*Task requirements*:
Please, without any pictures, set down exactly the part of the listing below that opens with the line containing "Our Oktoberfest is" and closes with the line containing "I have a lovely".

*Listed entries*:
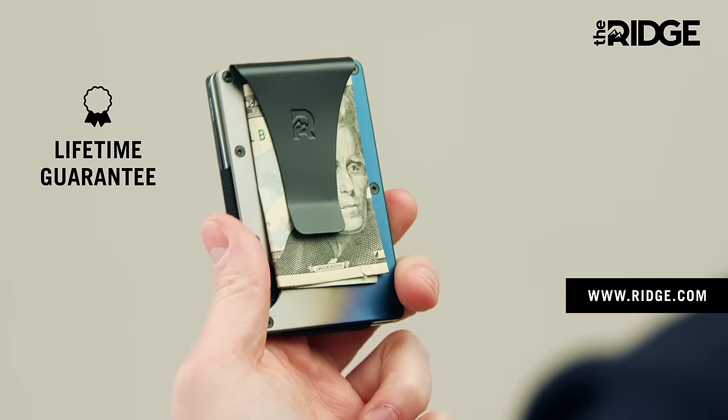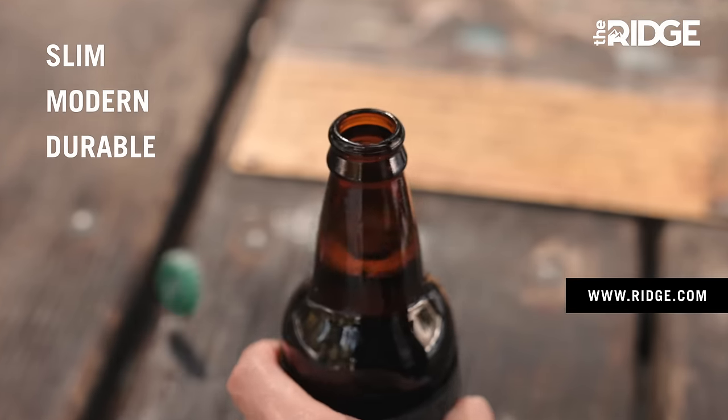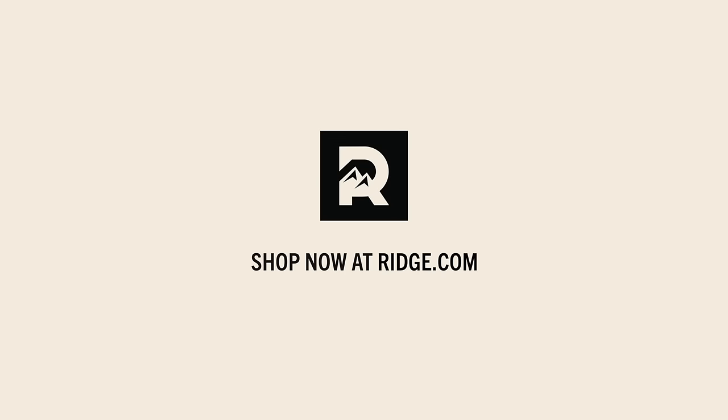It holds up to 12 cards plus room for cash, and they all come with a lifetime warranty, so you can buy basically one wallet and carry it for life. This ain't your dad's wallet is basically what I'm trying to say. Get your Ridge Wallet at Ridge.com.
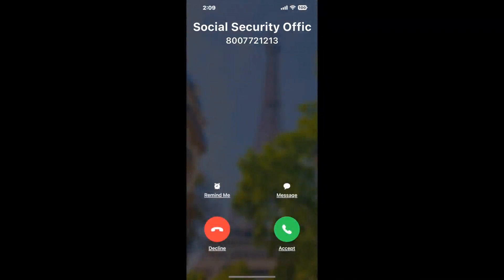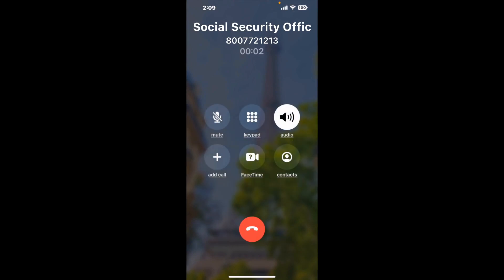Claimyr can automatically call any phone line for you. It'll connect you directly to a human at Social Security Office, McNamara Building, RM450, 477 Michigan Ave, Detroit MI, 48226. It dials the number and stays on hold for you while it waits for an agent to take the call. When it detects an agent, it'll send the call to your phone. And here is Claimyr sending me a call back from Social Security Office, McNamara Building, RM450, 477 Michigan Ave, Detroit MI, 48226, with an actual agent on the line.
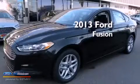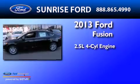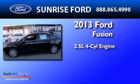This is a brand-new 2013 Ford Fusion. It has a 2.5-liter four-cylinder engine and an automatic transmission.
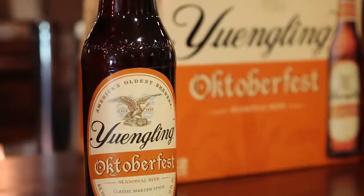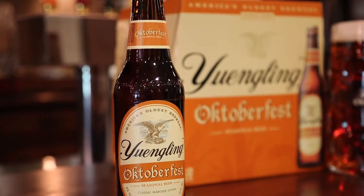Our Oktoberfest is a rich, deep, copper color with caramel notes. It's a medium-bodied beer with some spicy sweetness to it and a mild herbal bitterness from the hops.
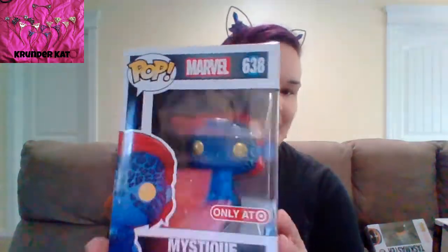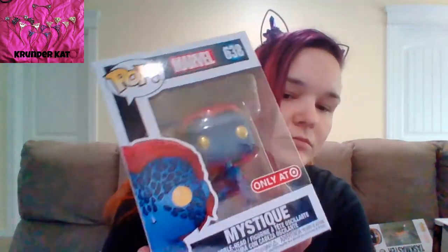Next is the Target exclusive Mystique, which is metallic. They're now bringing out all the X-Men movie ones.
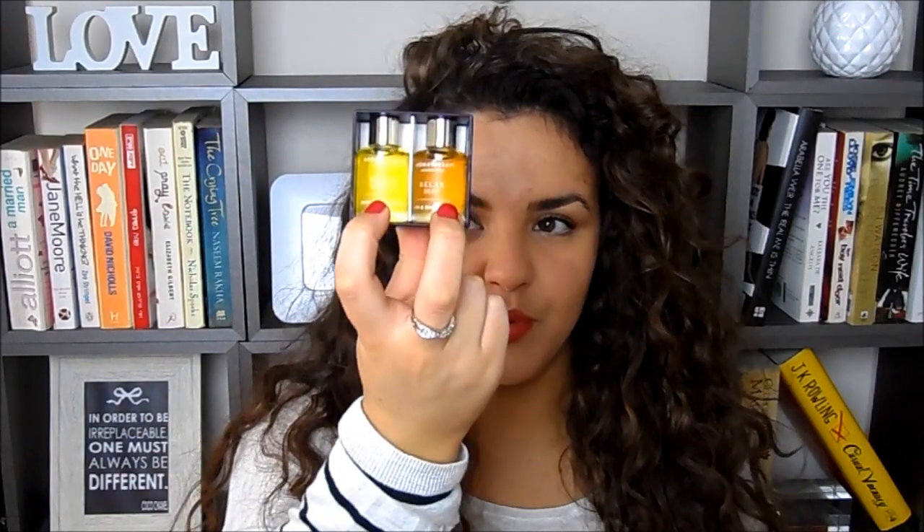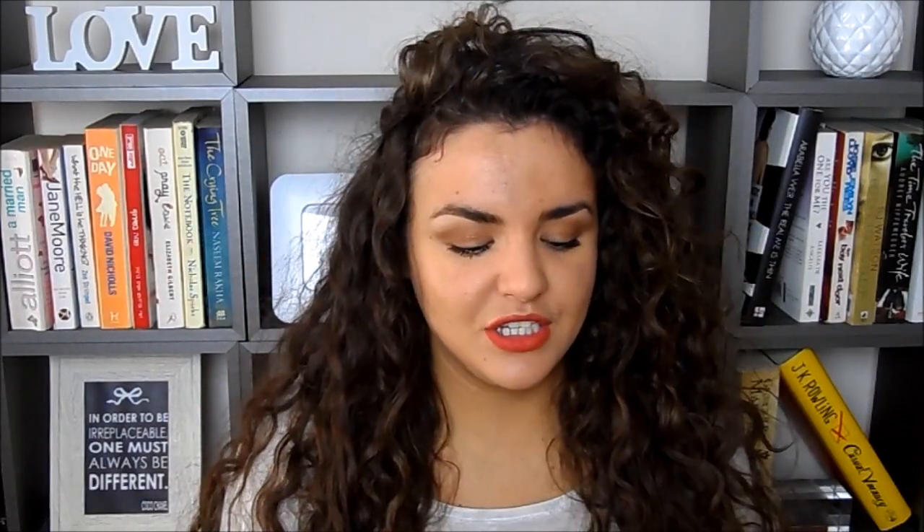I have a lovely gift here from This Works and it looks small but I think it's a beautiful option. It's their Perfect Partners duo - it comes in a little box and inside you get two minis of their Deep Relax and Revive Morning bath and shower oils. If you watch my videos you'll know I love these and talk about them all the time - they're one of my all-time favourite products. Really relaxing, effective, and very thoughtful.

* * *

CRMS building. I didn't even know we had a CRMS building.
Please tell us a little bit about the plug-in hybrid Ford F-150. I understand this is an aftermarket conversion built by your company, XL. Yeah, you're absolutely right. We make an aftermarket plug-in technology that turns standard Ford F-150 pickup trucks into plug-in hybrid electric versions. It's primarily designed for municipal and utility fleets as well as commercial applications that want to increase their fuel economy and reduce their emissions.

*Solved problem*:
Our Oktoberfest is a rich, deep, copper color with caramel notes. It's a medium-bodied beer with some spicy sweetness to it and a mild herbal bitterness from the hops.
Next is the Target exclusive Mystique, which is metallic. They're now bringing out all the X-Men movie ones.
I have a lovely gift here from This Works and it looks small but I think it's a beautiful option. It's their Perfect Partners duo - it comes in a little box and inside you get two minis of their Deep Relax and Revive Morning bath and shower oils. If you watch my videos you'll know I love these and talk about them all the time - they're one of my all-time favourite products. Really relaxing, effective, and very thoughtful.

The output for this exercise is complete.